» **Work required**: This calls for a word-for-word copy of all the data, with each picture removed.

» **Material provided**:
<<<<

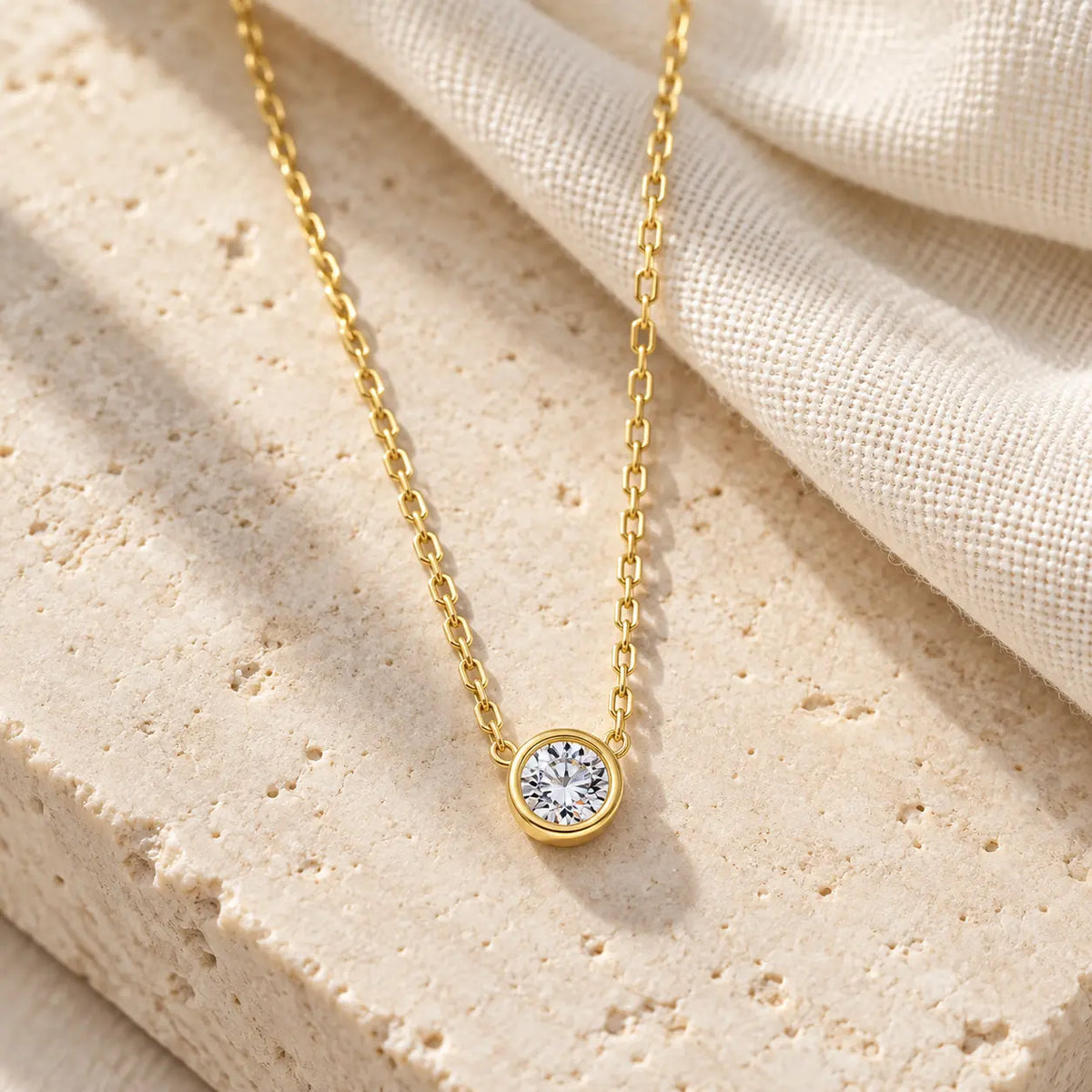 single diamond round necklace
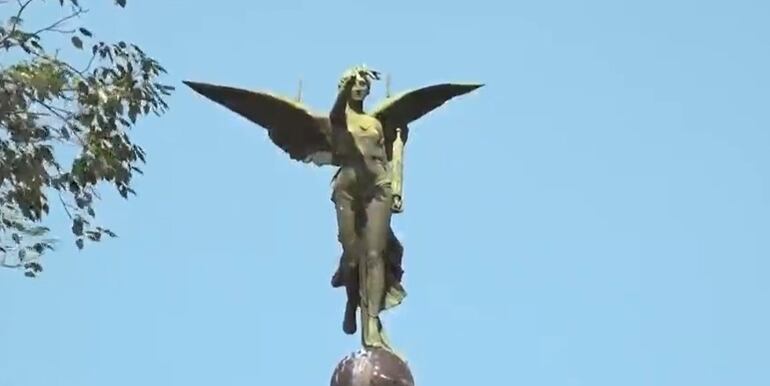 Emblemática escultura que adorna la escalinata de Antequera.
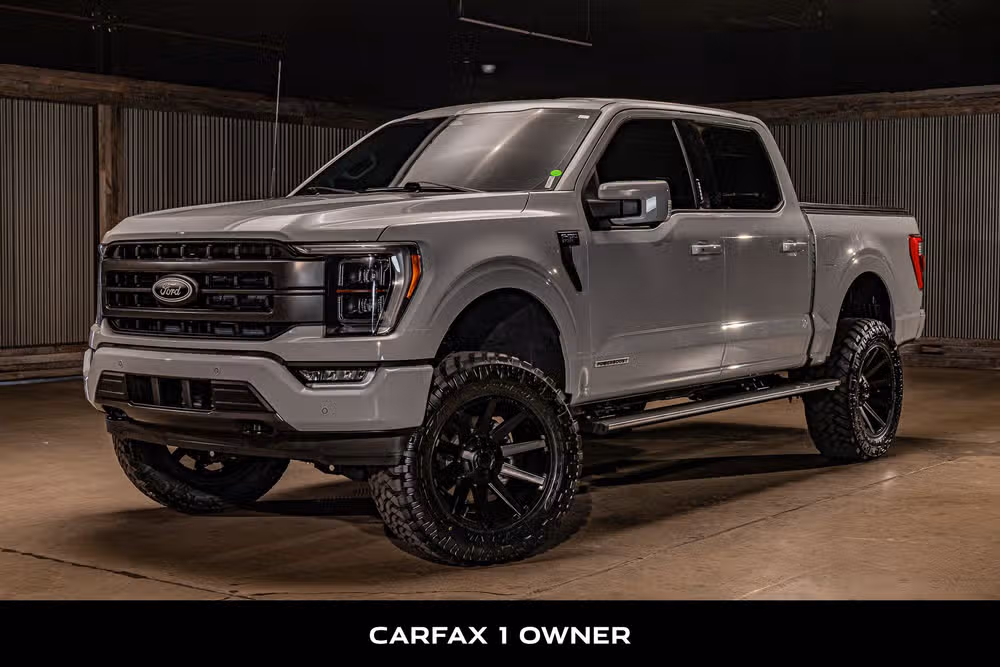2023 Ford F-150 Lariat SuperCrew Image 5
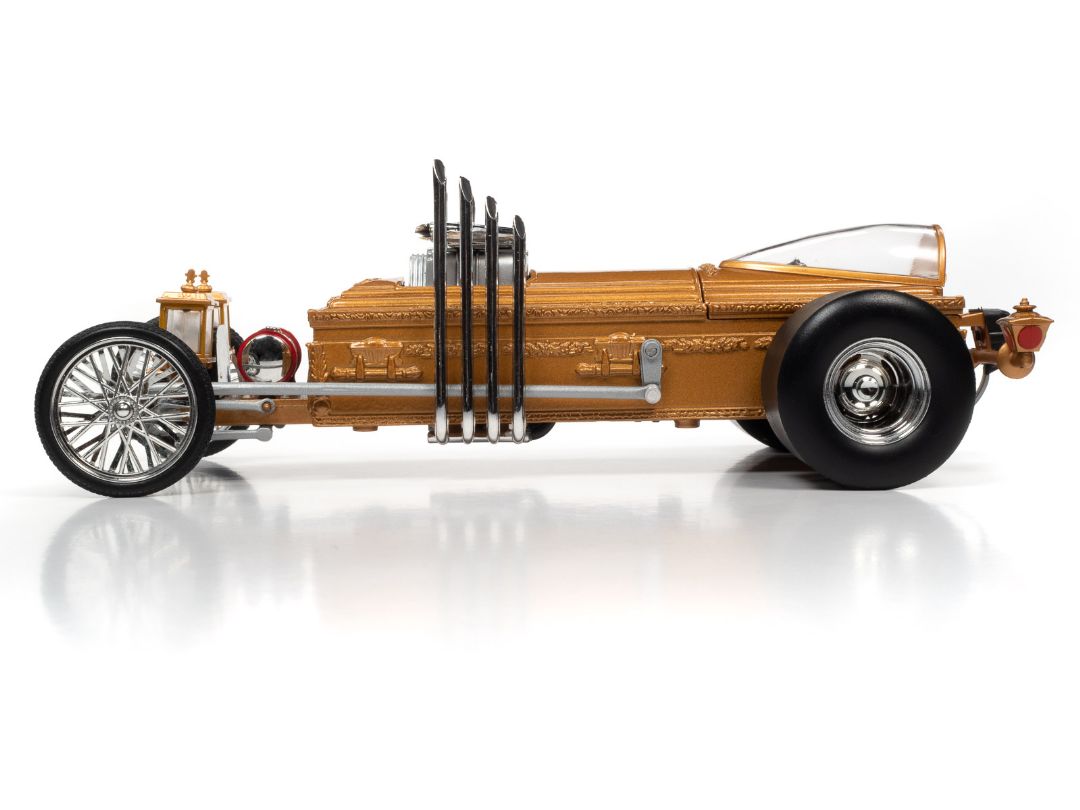 Auto World 1/18 George Barris Dragula - Gold – image 5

>>>>

» **Result of the exercise**:
 single diamond round necklace
 Emblemática escultura que adorna la escalinata de Antequera.
2023 Ford F-150 Lariat SuperCrew Image 5
 Auto World 1/18 George Barris Dragula - Gold – image 5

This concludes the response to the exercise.